The Phylogenetic trees constructed from the sequences of the CP gene revealed that our isolate (MW684293) is positioned in a subgroup IA and cluster with CMV from Yam and an isolate of CMV from Cameroon which forms a clade. This conclusion is supported by a review of other studies that reported that subgroup IA CMV isolates were the most frequently reported isolates in different hosts and locations (Çaglar 2006; Ergün et al. 2013; Ohshima et al. 2016). The deduced amino acid sequences for the CMV isolate in this study showed 97.3 to 100% sequence identity with coat protein ORF gene of CMV subgroup I, while below 89% with subgroup II which is similar to the pattern of relationship observed in the nucleotide sequence comparison between the CMV isolates in this study and other CMV isolates in the different sub-groups. Previous studies have revealed a high degree of coat protein gene sequence homology between the same subset of CMV isolates and their global populations (Roossinck et al. 1999).

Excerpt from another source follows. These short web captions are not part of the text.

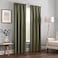 Eclipse Kendall Modern Blackout Thermal Rod Pocket Window Curtain for Bedroom or Living Room 1 Panel 42 X 84 Artichoke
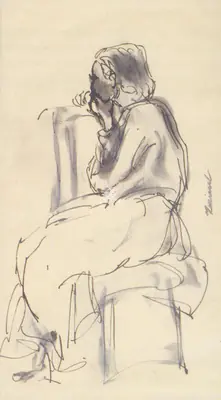 Abedin, Zainul (Artist). Reflection, n.d. | Drawing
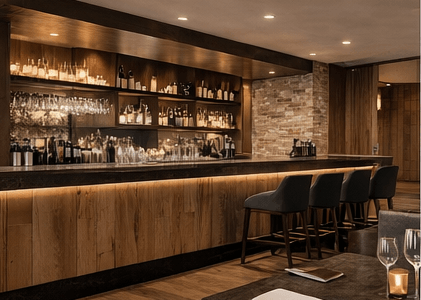 French Oak timber specified for a commercial interior project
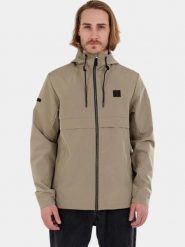 Kurtka przejściowa męska Fundango Clayton. Brązowe kurtki męskie Fundango, m, z aplikacjami, z materiału, casualowe, bez kaptura. Za 399.00 zł.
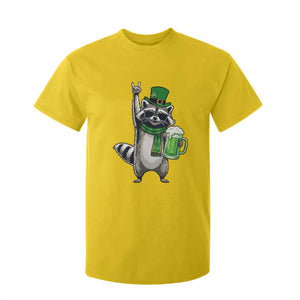 Funny Raccoon Rock On T Shirt For Kid St Patricks Day Gift TS12 Daisy Print Your Wear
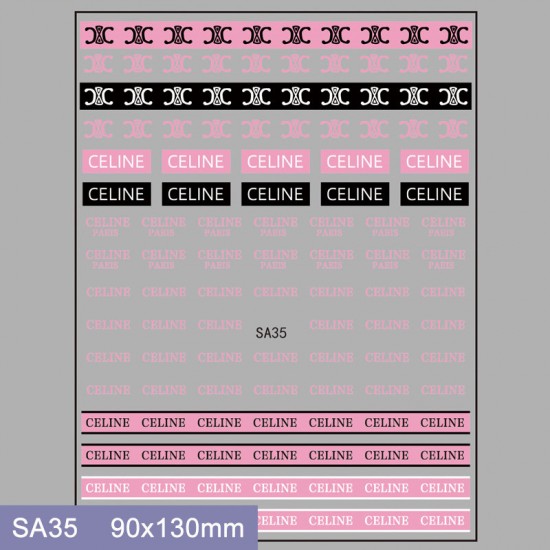 SA35  10pcs/lot Celine Nail Stickers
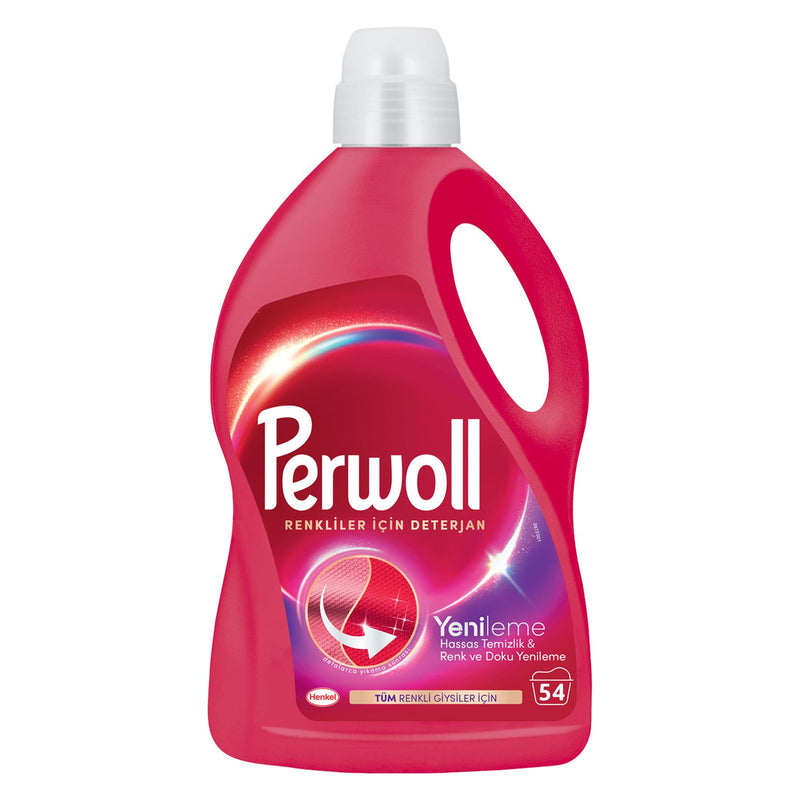 Perwoll Hassas Sıvı Çamaşır Deterjanı Renkliler 2.97L x 3'lü Set (162 Yıkama) - Selka Home | Şık tasarımlar akıllı çözümler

The results of this study show that CMV isolated from passion fruit in Nigeria is closely related to CMV isolated from yam and banana. This inference is similar to what was observed by Rivera-Toro et al. (2020) on chili peppers in Colombia, where they reported a close relationship between CMV isolated from pepper and CMV isolated from banana. In their study, they show that the scenario is likely due to the close proximity of fields where banana is currently or were previously grown, implying that the host is likely to switch from banana to pepper. A similar pattern was observed with the CMV strain from our study, as the passion fruit orchard, where the samples used for this study were collected was close to banana plantations. In conclusion, this study confirms the first CMV report on passion fruit in Nigeria and recommends that a broader nationwide sampling and characterization be performed to determine the diversity of strains since other CMV groups have been reported in crops in Nigeria. This will help develop appropriate management techniques to support crop production.